Asked to elaborate a little, Mayorga drove the point home.
“Just like in the schoolyard,” he said through a translator. “There’s a kid you never met once in your life, and you see him and you just don’t like him. That’s the best analogy I can use. I just don’t like him. There’s really no explanation behind it.
Well, there’s that Julio Cesar Chavez thing.
Mayorga said when De La Hoya beat the legendary Chavez back in June 1996 (and again in September 1998), he decided he would some day make De La Hoya pay for “beating one of my idols.”
It’s a little weak on the “revenge” meter, but it’s good enough for Mayorga, who appears to be sticking with his fight plan.
“I’m going to detach his retina or stop his heart,” he repeated for those who might have missed it the second and third time around.
There was also that little episode where the two fighters traded insults surrounding the women in their lives, Mayorga saying he’d let De La Hoya have his WBC title belt for the night if he could have Oscar’s wife for the night.
According to Mayorga, Oscar responded that instead of his wife, he was going to spend the night with Mayorga’s mother.
Just a little friendly banter.
“That’s when I went off on him,” Mayorga said. “I’m going to knock him out.”
On the plus side, Mayorga said his strong hatred of De La Hoya has caused him to train harder than he has in the past. That means reporting to the gym without a pack of Marlboros rolled up in his sleeve and a six-pack of Bud on the front seat of his car.
“Obviously, this is the biggest fight of my career,” he said.
In case Oscar is thinking about mending fences after the fight, Mayorga offered this friendly message: “He shouldn’t even think about greeting me or saluting me after the fight, because I’m going to kick him out of the ring.”
If the fight with Oscar goes as Mayorga predicts – “I’m going to demolish him” – another big fight is apparently already in the works.
According to promoter Don King, former champ and on-again, off-again boxing retiree Felix Trinidad, who stopped Mayorga in October 2004, is waiting in the wings.
“(Trinidad) will give Ricardo a chance for revenge,” King said on the same conference call. “Mayorga knocks out Oscar. Hellooo Trinidad. Felix is coming to Las Vegas. He’s already got his tickets to the fight.”
And when he’s done demolishing De La Hoya and scraping the canvas with Trinidad, Mayorga wants – drum roll, please – Floyd Mayweather.
“I want Tito and I want Floyd,” Mayorga said, maybe not focusing on De La Hoya quite like he should.

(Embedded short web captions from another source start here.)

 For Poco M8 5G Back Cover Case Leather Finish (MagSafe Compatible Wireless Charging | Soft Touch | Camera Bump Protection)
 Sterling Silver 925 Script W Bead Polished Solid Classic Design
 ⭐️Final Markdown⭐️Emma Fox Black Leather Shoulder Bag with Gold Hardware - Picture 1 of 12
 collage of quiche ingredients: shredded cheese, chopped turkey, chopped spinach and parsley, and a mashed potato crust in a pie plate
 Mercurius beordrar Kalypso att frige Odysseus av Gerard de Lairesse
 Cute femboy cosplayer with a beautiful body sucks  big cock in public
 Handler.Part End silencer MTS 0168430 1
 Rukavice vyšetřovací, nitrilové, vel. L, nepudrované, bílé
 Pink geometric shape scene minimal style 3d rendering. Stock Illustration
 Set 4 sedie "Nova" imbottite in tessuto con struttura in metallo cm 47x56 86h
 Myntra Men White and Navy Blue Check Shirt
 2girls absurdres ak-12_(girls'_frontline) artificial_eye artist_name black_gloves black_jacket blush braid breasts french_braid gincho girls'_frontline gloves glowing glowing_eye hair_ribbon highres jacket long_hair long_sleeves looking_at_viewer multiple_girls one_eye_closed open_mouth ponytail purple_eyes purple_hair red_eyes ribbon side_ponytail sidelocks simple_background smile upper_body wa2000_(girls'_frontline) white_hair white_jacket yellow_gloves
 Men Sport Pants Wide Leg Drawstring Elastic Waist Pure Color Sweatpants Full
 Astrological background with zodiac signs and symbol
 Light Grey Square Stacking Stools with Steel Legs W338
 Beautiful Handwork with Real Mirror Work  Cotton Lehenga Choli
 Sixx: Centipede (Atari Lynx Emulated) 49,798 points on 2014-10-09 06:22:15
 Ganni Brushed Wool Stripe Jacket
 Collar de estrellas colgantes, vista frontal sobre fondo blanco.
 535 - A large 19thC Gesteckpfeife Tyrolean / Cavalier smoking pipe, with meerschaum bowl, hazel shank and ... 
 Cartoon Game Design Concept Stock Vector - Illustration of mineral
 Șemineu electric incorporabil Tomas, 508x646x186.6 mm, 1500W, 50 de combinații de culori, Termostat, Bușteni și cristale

The good news for De La Hoya is, King predicted that Mayorga would knock him out. A couple weeks ago, King also predicted Zab Judah would knock out Mayweather. We know what happened with that one.
“Zab didn’t throw punches,” King said when reminded he didn’t fare too well in his last pick. “As the fight went on, Zab went back to not throwing punches. With Mayorga, you won’t have a shortage of punches.”
Asked what he’d do different if he had a rematch with Trinidad, Mayorga said he’d fight him exactly like he fought him the first time.
“But I’d do a little more training,” he said.
Maybe knock it down to two cigarettes a day.